Only the lines from the one with "Продам картофель домашние" through the final line below belong in the answer, copied exactly and without pictures.

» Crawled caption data
▼▼▼

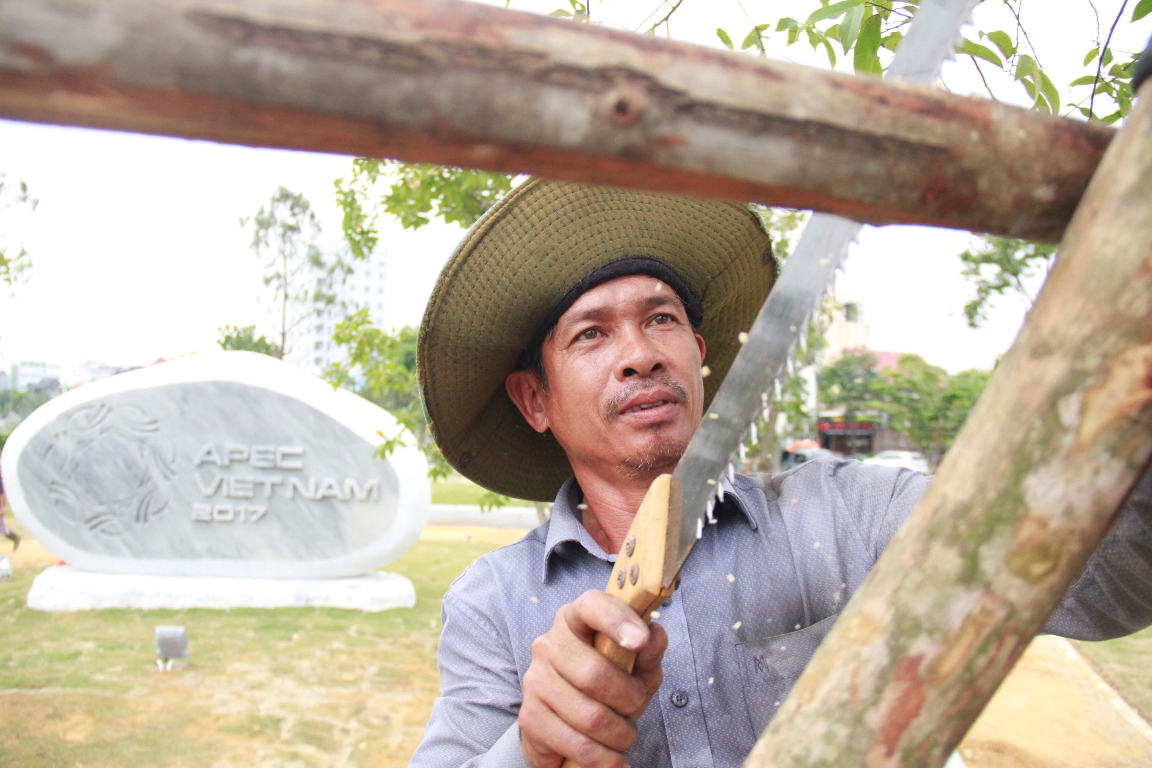 A worker fixes reinforcements to a newly planted tree at APEC Park in Da Nang. Photo: Tuoi Tre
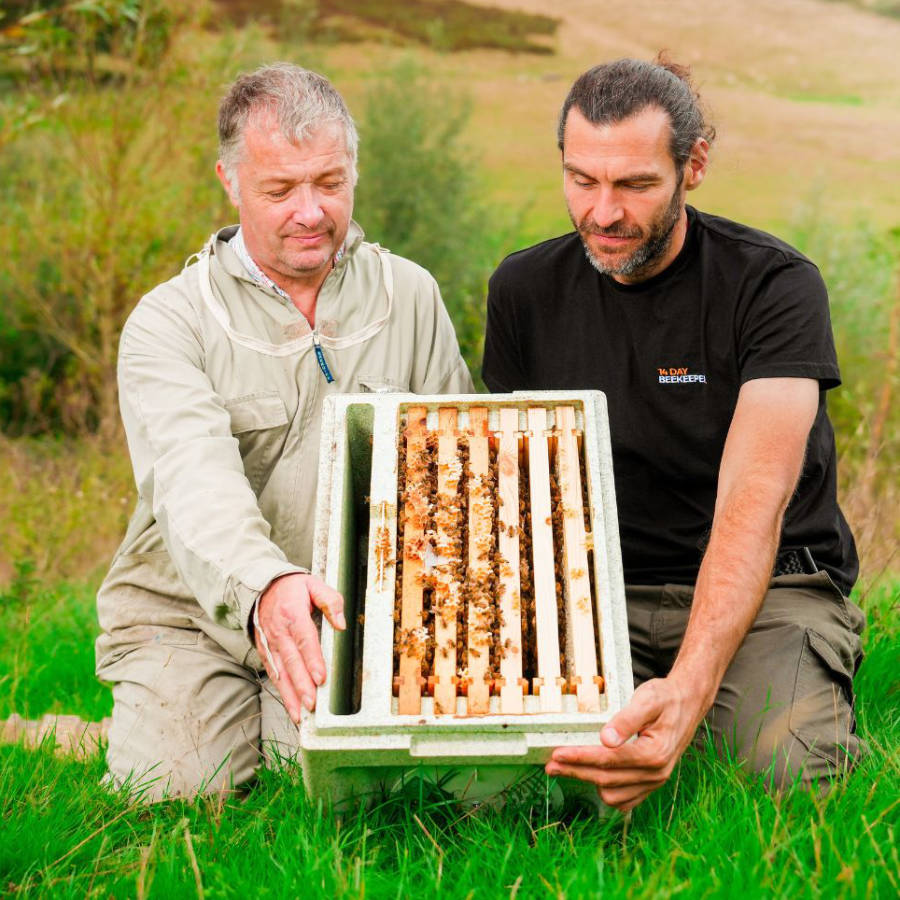 Two men holding an overwintered colony (nuc) of bees on National frames in front of a grass background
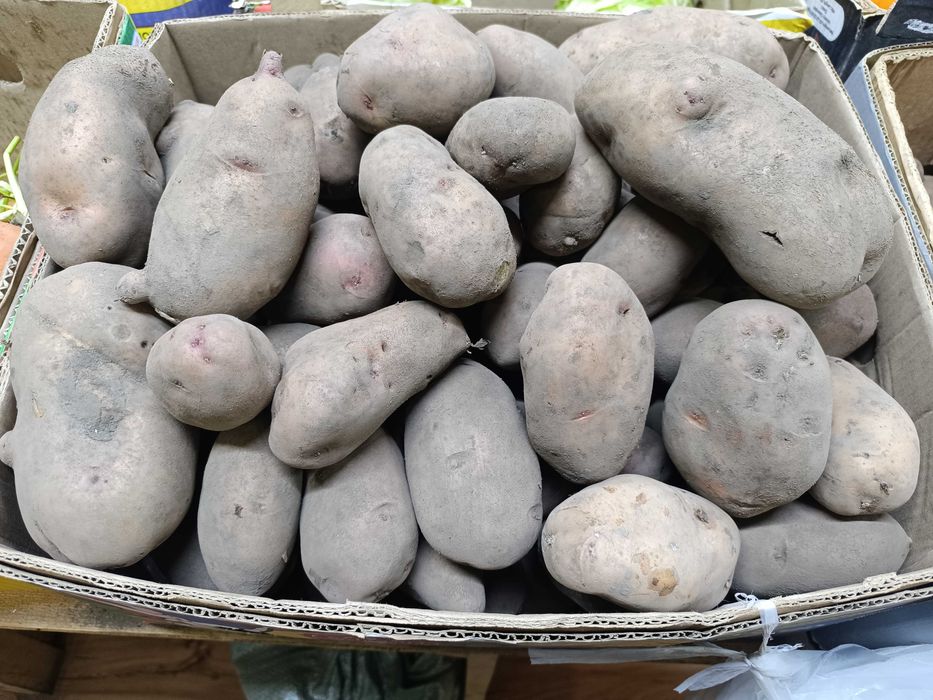 Продам картофель домашние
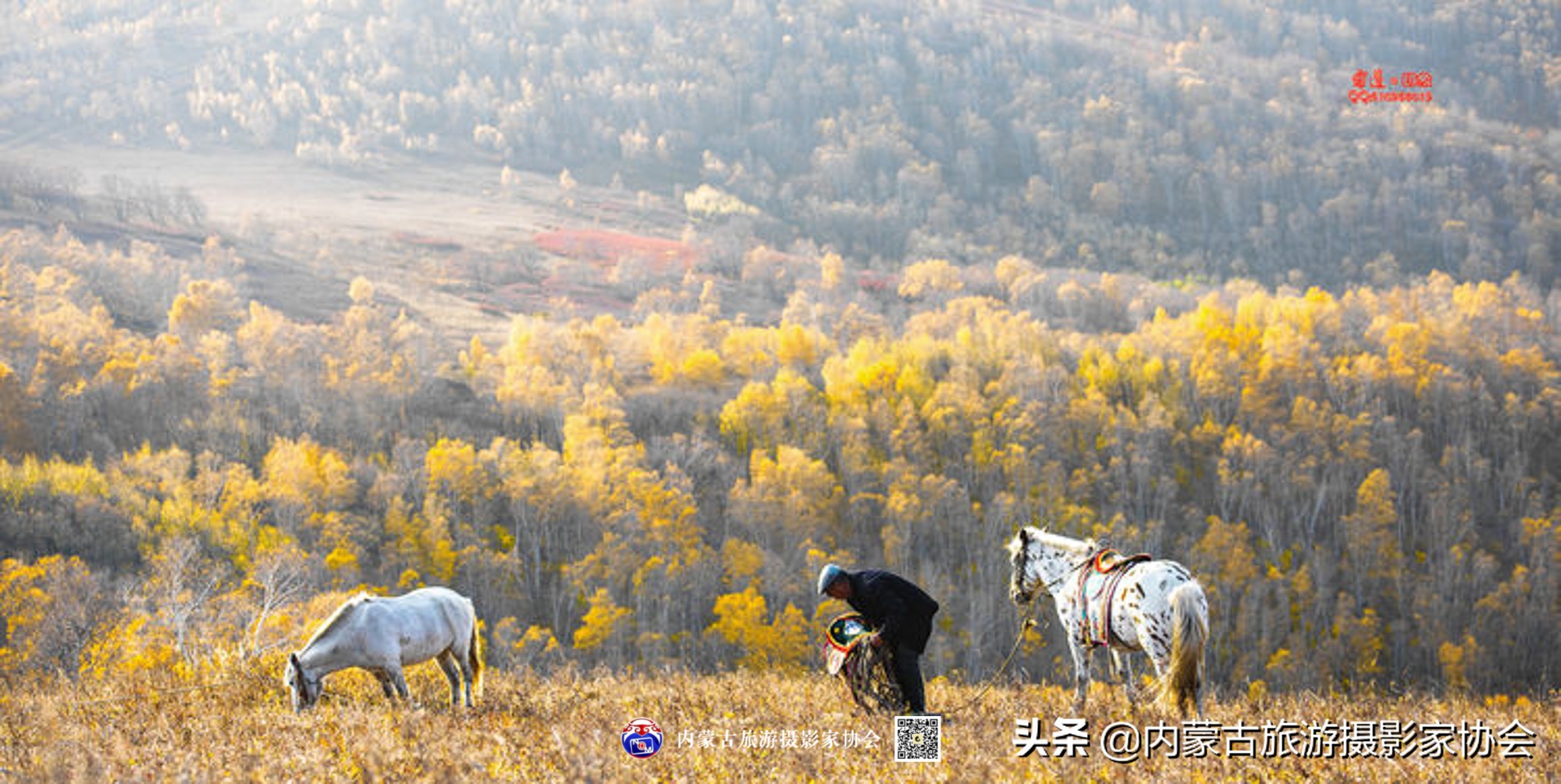 那山那水那滋味,那山那水那份爱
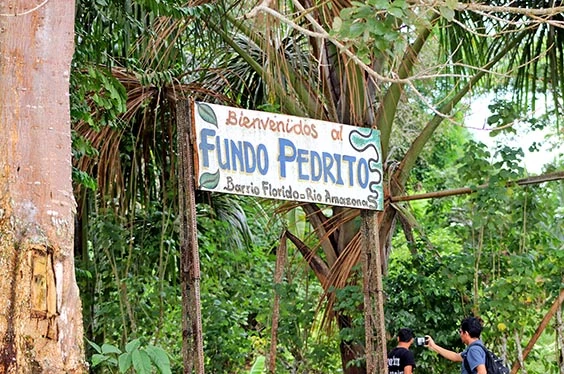 La Selva de los Espejos Life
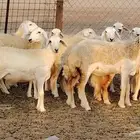 رخال مقاني طييه بالحيل 42 رأس للبيع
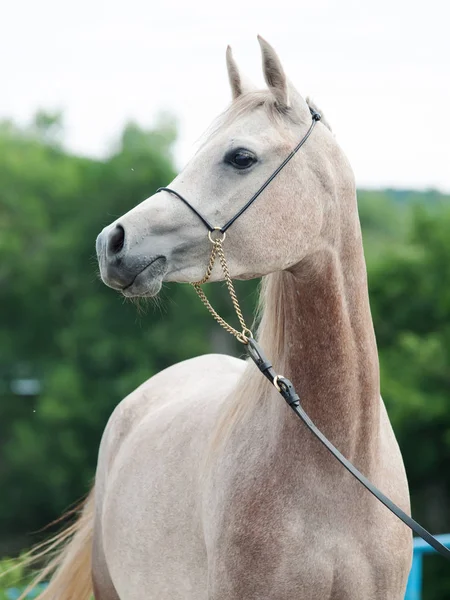 Portrait of beautiful arabian filly — Stock Photo, Image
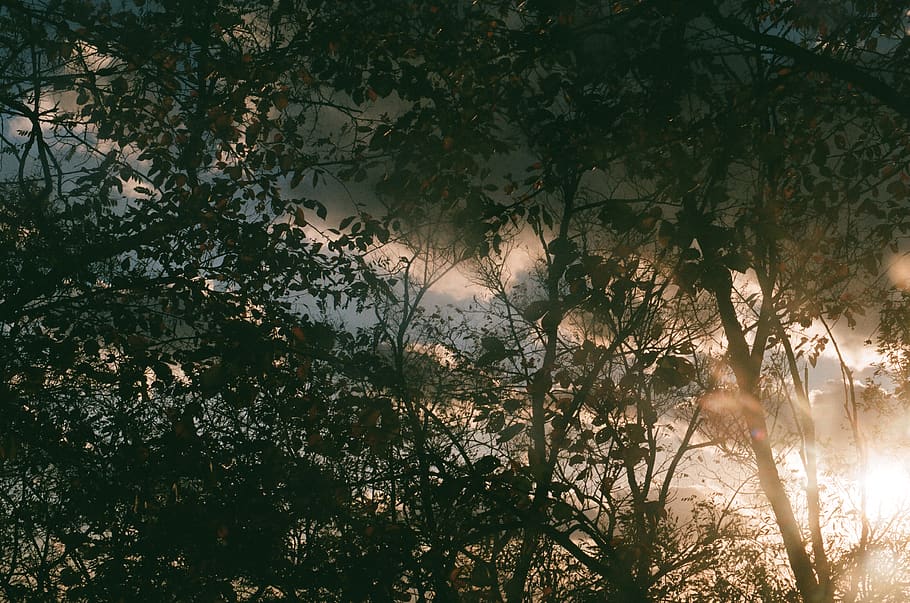 film, tree, plant, growth, forest, tranquility, nature, land HD wallpaper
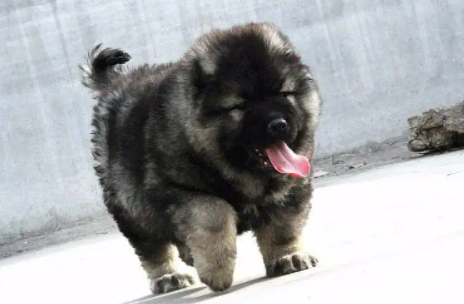 哪里可以买纯种赛级高加索犬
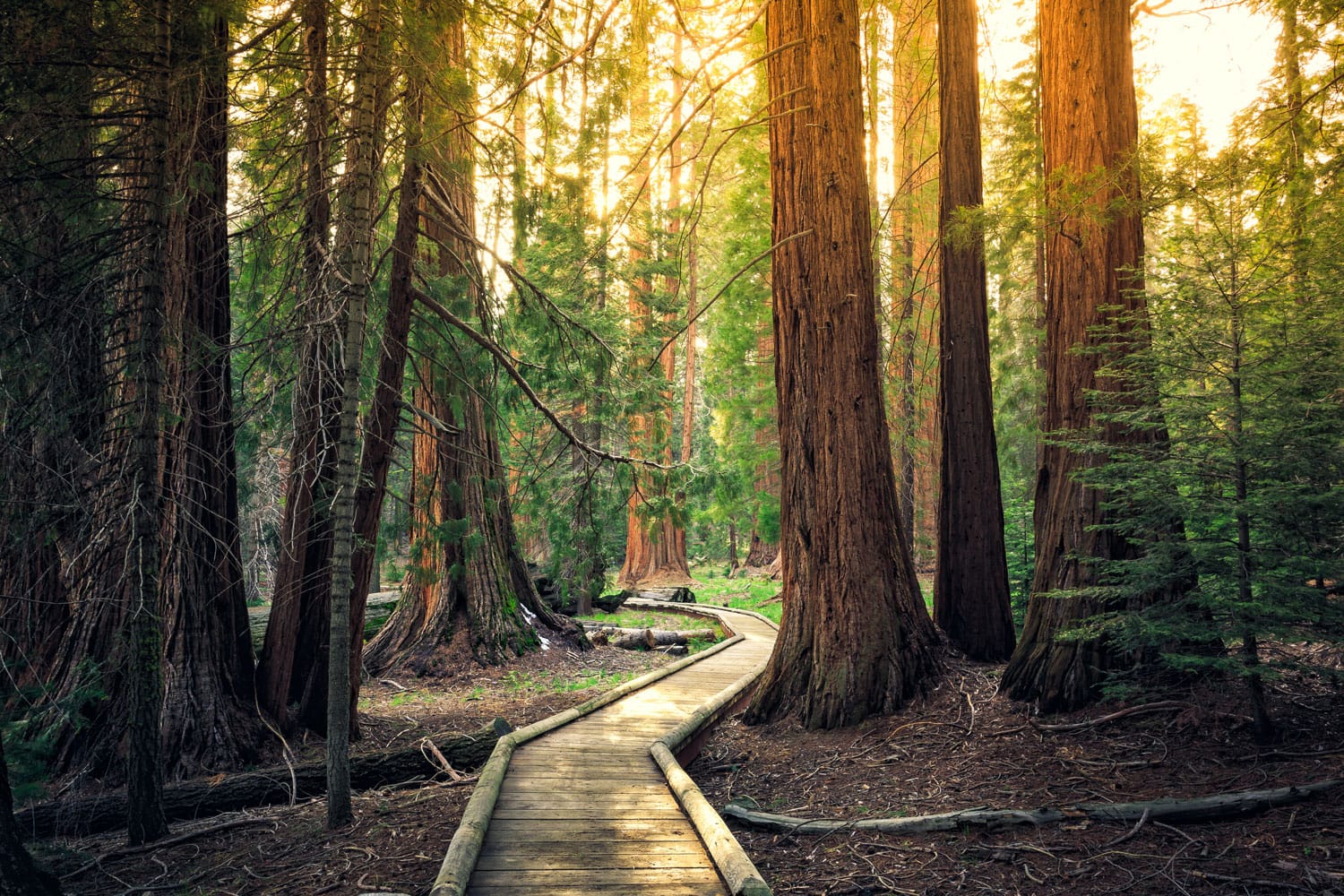 Sunset on the Forest Path, Sequoia National Park, California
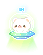 Aro 预览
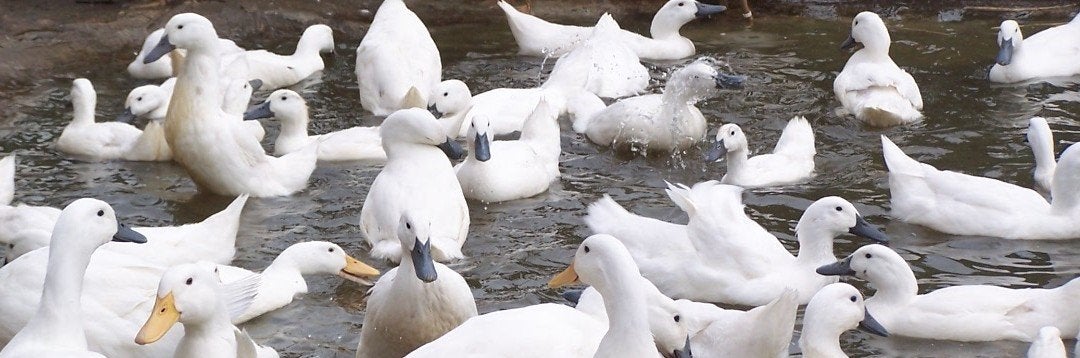 legeenden eenden, Dieren en Toebehoren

▲▲▲

» WRITTEN ANSWER
 Продам картофель домашние
 那山那水那滋味,那山那水那份爱
 La Selva de los Espejos Life
 رخال مقاني طييه بالحيل 42 رأس للبيع
 Portrait of beautiful arabian filly — Stock Photo, Image
 film, tree, plant, growth, forest, tranquility, nature, land HD wallpaper
 哪里可以买纯种赛级高加索犬
 Sunset on the Forest Path, Sequoia National Park, California
 Aro 预览
 legeenden eenden, Dieren en Toebehoren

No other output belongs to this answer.